= British Association for Local History =

British Association for Local History logo

The British Association for Local History (BALH) is a membership organisation that exists to promote the advancement of public education through the study of local history and to encourage and assist the study of local history throughout Great Britain as an academic discipline and as a leisure activity.

==Foundation==
BALH was founded and registered as a charity in England and Wales on 30 September 1982 through an initiative by the National Council of Social Services (now the National Council for Voluntary Organisations) to bring together the work of previously separate organisations in the field. It aims to be the national umbrella organisation for the subject and many local history societies and groups are members of BALH, though others remain outside. People with an interest in local history can also join BALH as individual members.

==Activities==
BALH's activities include the publication of the quarterly journal The Local Historian (first published in 1952), a quarterly magazine Local History News, a quarterly e-newsletter, as well as a number of books and pamphlets on the topic. It also organises an annual lecture, national and regional conferences and guided visits to libraries, museums and institutions such as The National Archives and the College of Arms. The Association also coordinates an annual Local History Day.

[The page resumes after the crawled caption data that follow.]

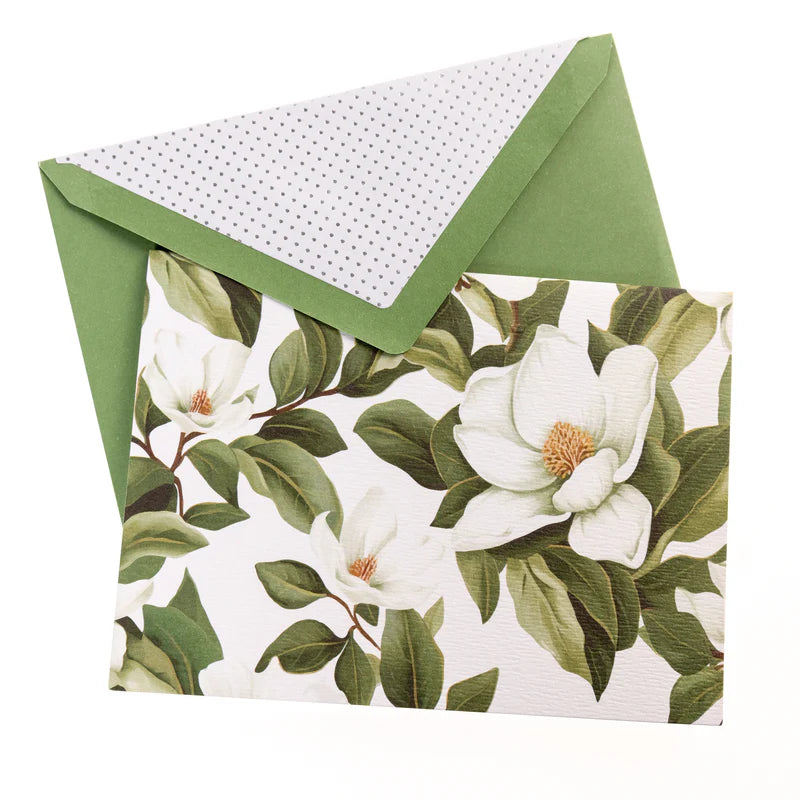 La Petite Presse Boxed Correspondence Notes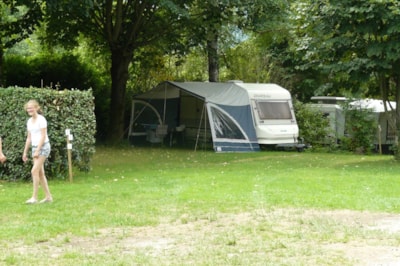 Package - big caravan — 4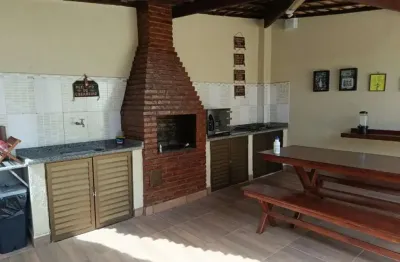 Casa com 3 quartos à venda na Rua C, 51, Aruana, Aracaju
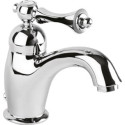 Смеситель Cezares Margot MARGOT-LSM1-01-M для раковины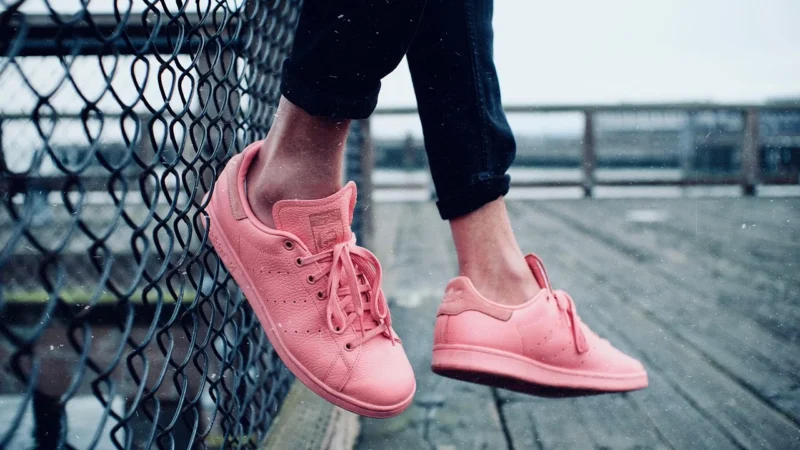 adidas Terrex AX3 BC0524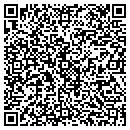 QR code with Richards Insurance Services contacts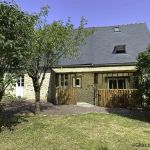 gite - Le Passage des Lavandi&egrave;res - ROUPERROUX - Orne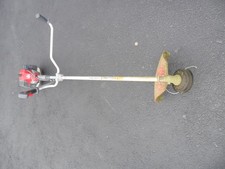 efco petrol strimmer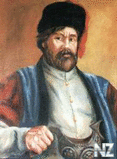 Яковлев Корнилий Яковлевич.jpg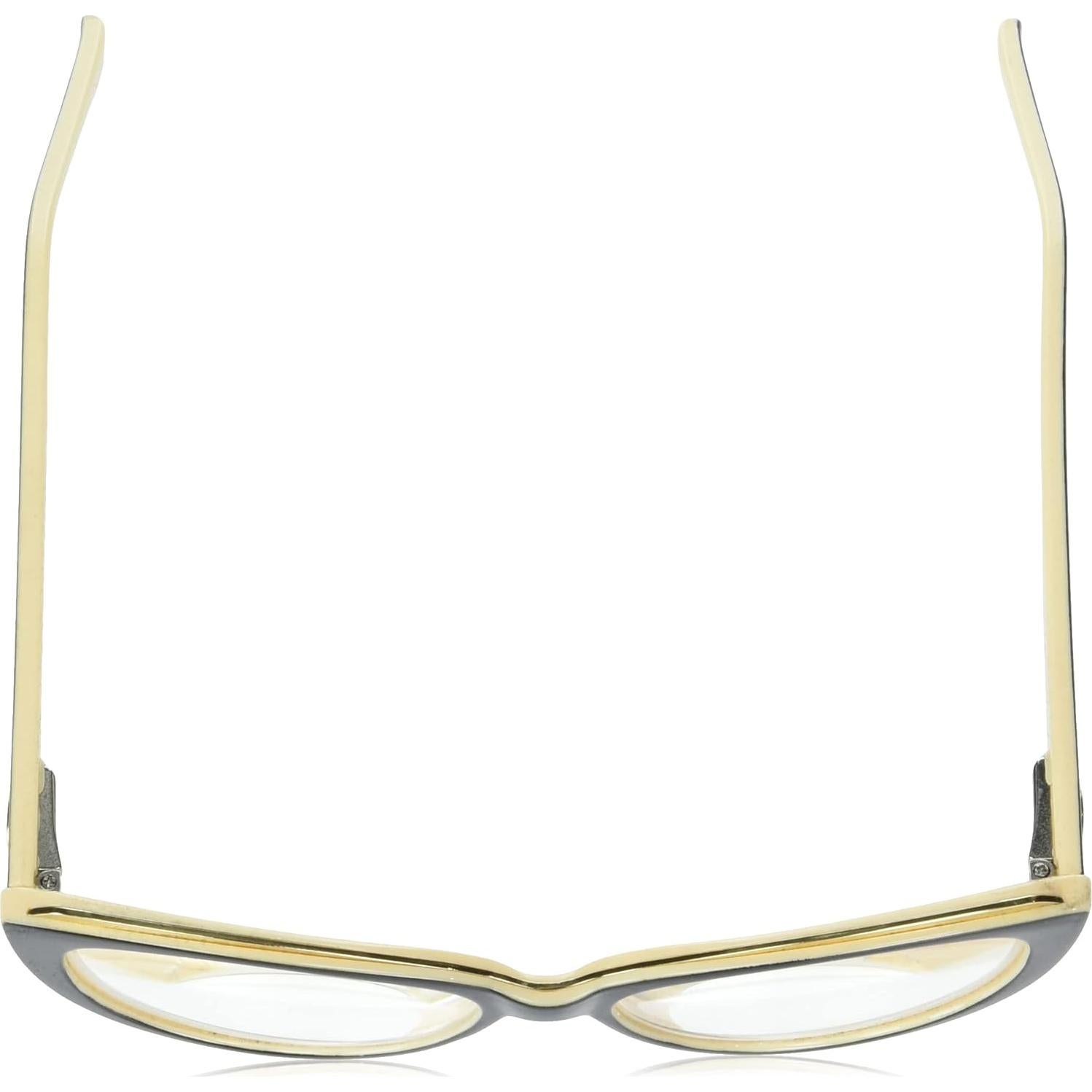 Gafas de lectura Sofia Vergara x Foster Grant Cat-Eye UV400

The British Association for Local History also has an education committee that has been active in lobbying the National Curriculum Council to increase the teaching of local history in schools, as well as in preparing courses and publications for teachers.

==Officers==
The Association's president is Professor Caroline Barron of Royal Holloway, University of London. The announcement of her appointment was made at the Association's Local History Day in June 2016. She succeeded David Hey as President, who died in February 2016.